=== Task instructions ===
Write out the entries below exactly, but only from the line containing "2626 Hermansau St, Saginaw, MI, 48602-5830" through the line containing "Sunray Beach House Tangalle Exterior foto", and without the pictures.

=== Data records ===
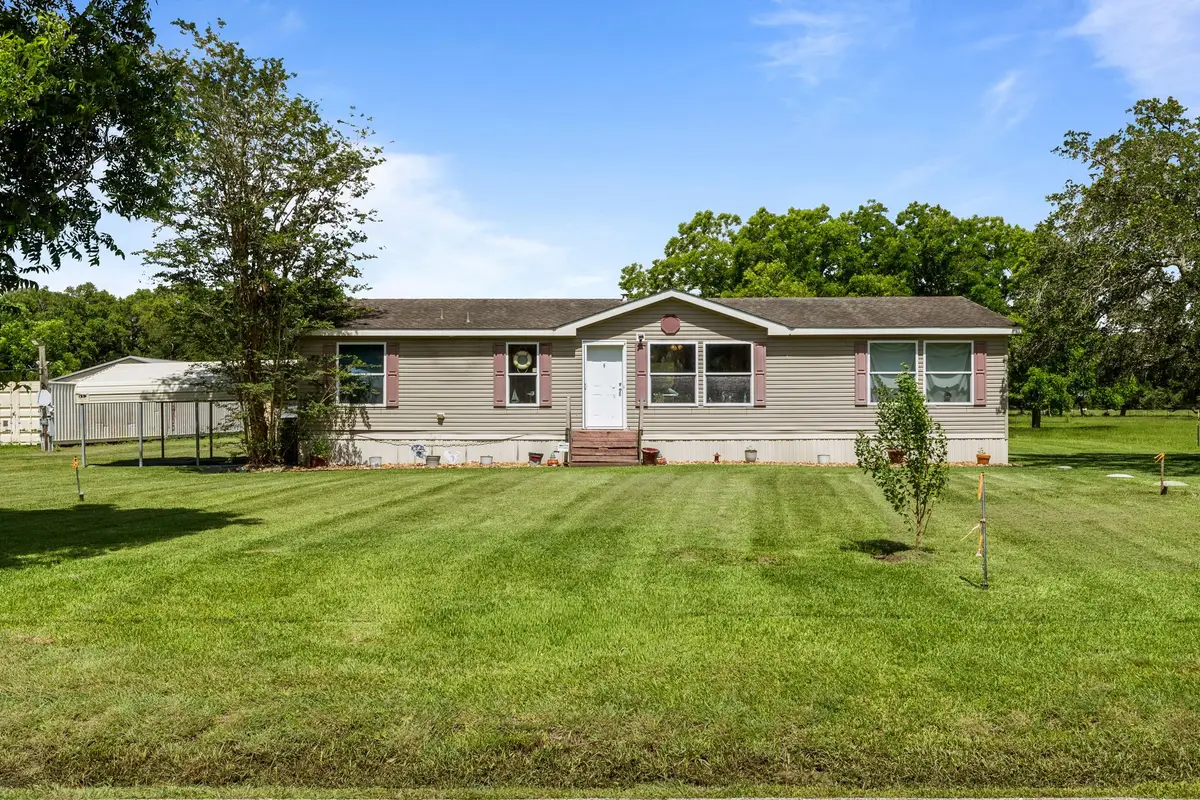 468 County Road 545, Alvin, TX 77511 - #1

==

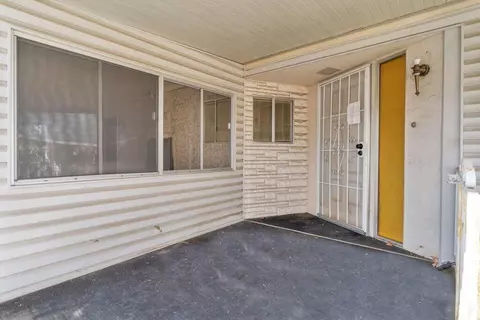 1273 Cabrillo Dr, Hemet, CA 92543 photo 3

* * *

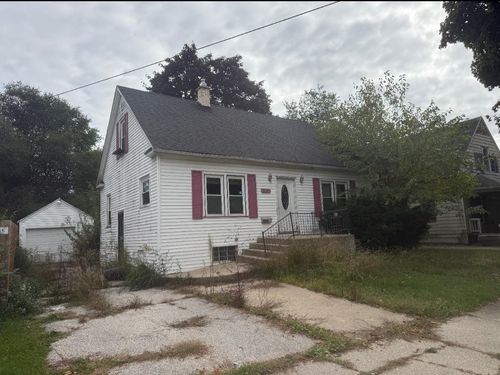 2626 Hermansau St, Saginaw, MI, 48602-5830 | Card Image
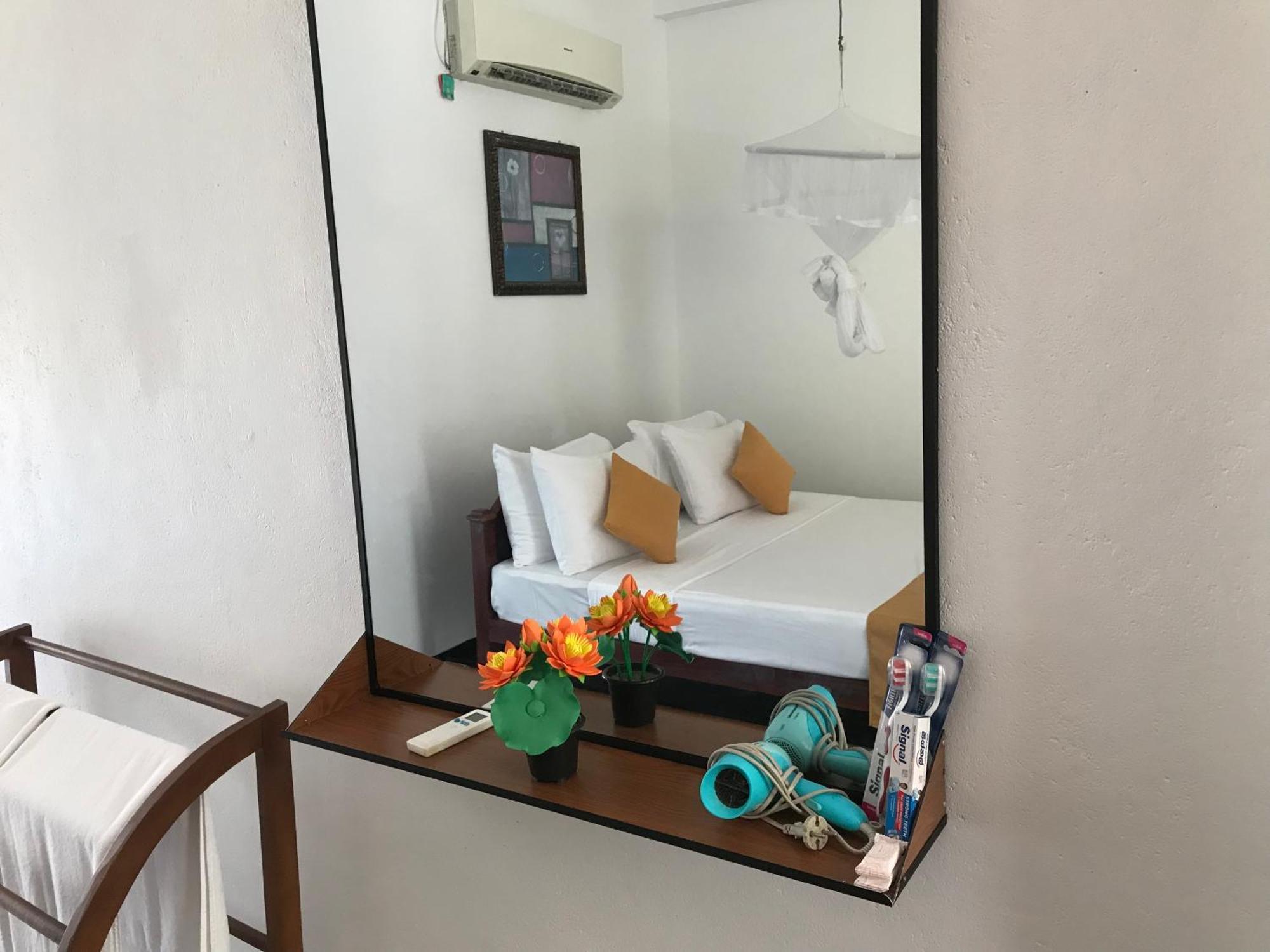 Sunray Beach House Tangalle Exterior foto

=== Output below ===
 2626 Hermansau St, Saginaw, MI, 48602-5830 | Card Image
 Sunray Beach House Tangalle Exterior foto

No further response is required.